Pour développer un contre-pouvoir à l’influence des réseaux sociaux surabondants et qui deviennent surpuissants, pour éviter d’être (trop) manipulés par toutes les informations que nous recevons, il semble essentiel et vital de développer et d’entretenir une pensée critique.

Manipuler les autres, en effet, existe depuis toujours. Les sophistes y excellaient, et il nous ont légués de nombreux moyens de manipulation encore fort répandus dans tous les domaines de la société, des responsables politiques au café du commerce, des vidéos sur Youtube aux informations propagées par les réseaux sociaux.

Des techniques de manipulation et de propagande ont été conceptualisées dans les années 20 – avec un grand succès, et jusqu’à aujourd’hui, par l’Américain Edward Louis Bernays avec son célèbre FUD : Fear, Uncertainty and Doubt (Créer de la peur, de l’incertitude et du doute). Des cabinets conseils sont spécialisés dans la fabrique de ces trois éléments.

On peut identifier de nombreuses raisons à l’affaiblissement de la pensée critique, en voici quelques-unes, qu’il est facile de retrouver dans nos comportements de tous les jours.

  • Le manque de curiosité. Il ne nous vient pas à l’esprit de remettre en question ce qui est dit à la télévision.

  • La peur du changement. Si je me pose des questions, cela risque de m’obliger à changer de point de vue.

  • La peur de l’autorité. Je sais que mon patron n’aime pas être contredit.

  • Le poids du groupe. Si tout le monde est d’accord, c’est que l’argument doit être bon.

  • Sauver la face. Je me suis déjà jeté à l’eau, j’ai déjà pris parti, je ne peux pas changer d’avis maintenant.

  • Le manque de temps. Il faut que nous prenions une décision rapidement, sous peine de laisser passer notre chance.

  • Le stress. Il y a tant de choses à faire, et cet argument n’a qu’un faible niveau de priorité, pourquoi y passer du temps ?

  • Les biais psychologiques. « De toutes façons, tous ces écolos sont des anticonformistes dont on ne peut rien tirer. » Comment peut-on leur faire confiance ?

  • La culture. Nous avons toujours fait comme ça et cela a toujours fonctionné.

  • Les préjugés. « Vous ne pouvez pas vous attendre à ce que « ces gens-là » soient crédibles, tout de même ! »

  • L’ego. C’est mon idée, où est le problème ?

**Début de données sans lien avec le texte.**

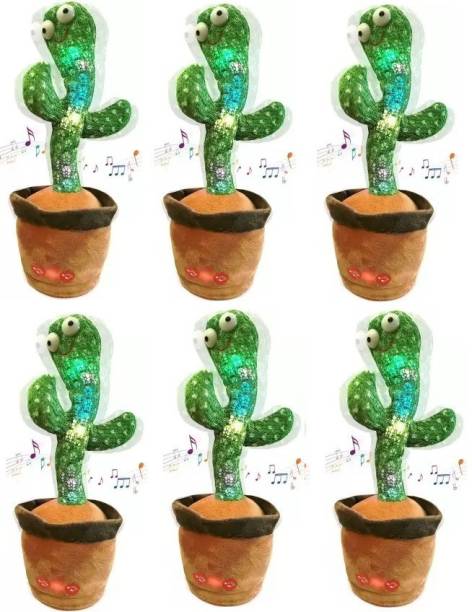 Hunk shopper's (Pak of 6)Dancing Cactus Repeats What You Say, Electronic Plush Toy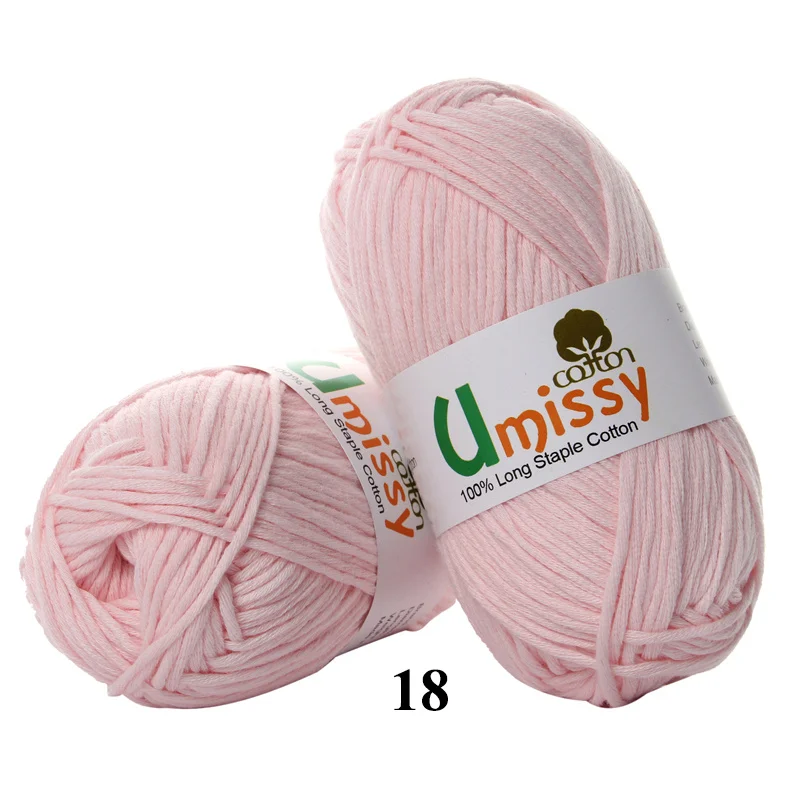 18 Pink 1pc Хлопчатобумажная пряжа для вязания, чесаная толстая пряжа для вязания, Органический Детский свитер, кукла, 50 г - Цвет: 18 Pink 1pc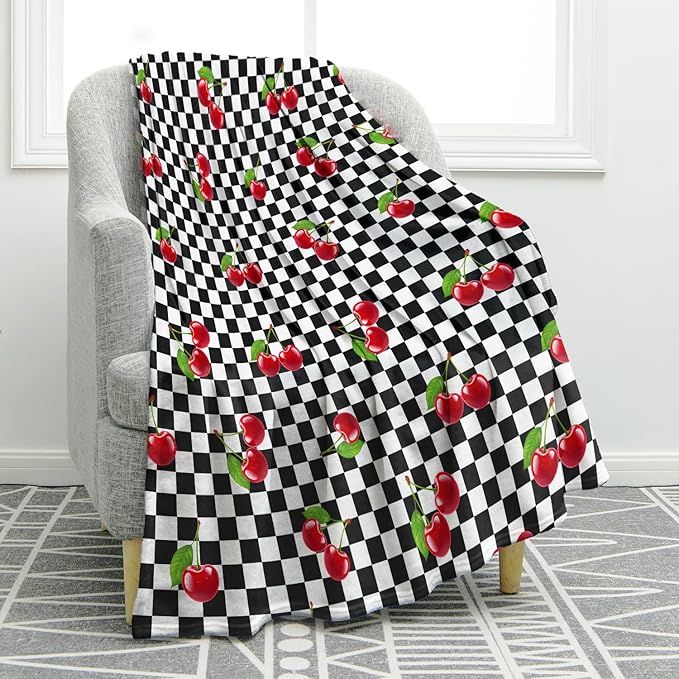 Jekeno Cherry Fruit Blanket Gifts for Women Kids Girls Boys Mom Wife Men Birthday Christmas Halloween Easter Presents Home Bedroom Living Room Bed Sofa Decor Black White Checkered Plush Throw 60"x80"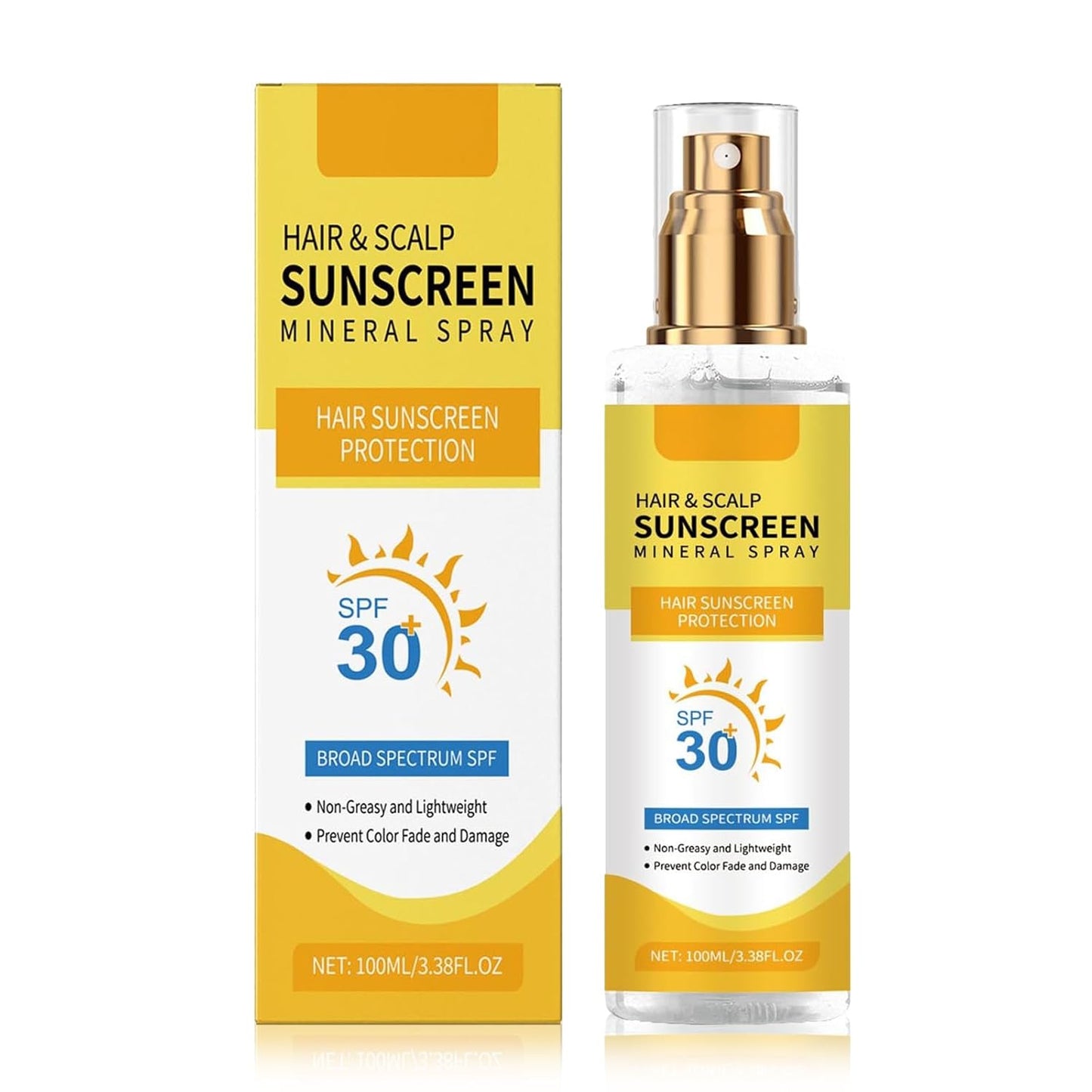 Hair & Scalp Sunscreen Spray SPF 30 - Color-Lock UV Shield for Dyed Hair | Weightless & Vegan Formula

  • Une référence historique supposée absolue. « Comme le disait ma grand-mère… »

  • Des proverbes, des maximes ou des citations. « Qui ne dit mot consent ». « Il n’y a pas de fumée sans feu. »

  • L’enthousiasme du moment, une mode. « Cette idée est tellement excitante, faisons-le ! »

  • La paresse intellectuelle. Développer une réflexion critique prend du temps et de l’énergie.

Développer une pensée critique – et la développer chez nos enfants et à l’école – nous donne de meilleurs possibilités de résoudre des problèmes, de mieux interagir avec les autres, de prendre de meilleures décisions, en évitant les erreurs qui sont la conséquence d’une logique erronée.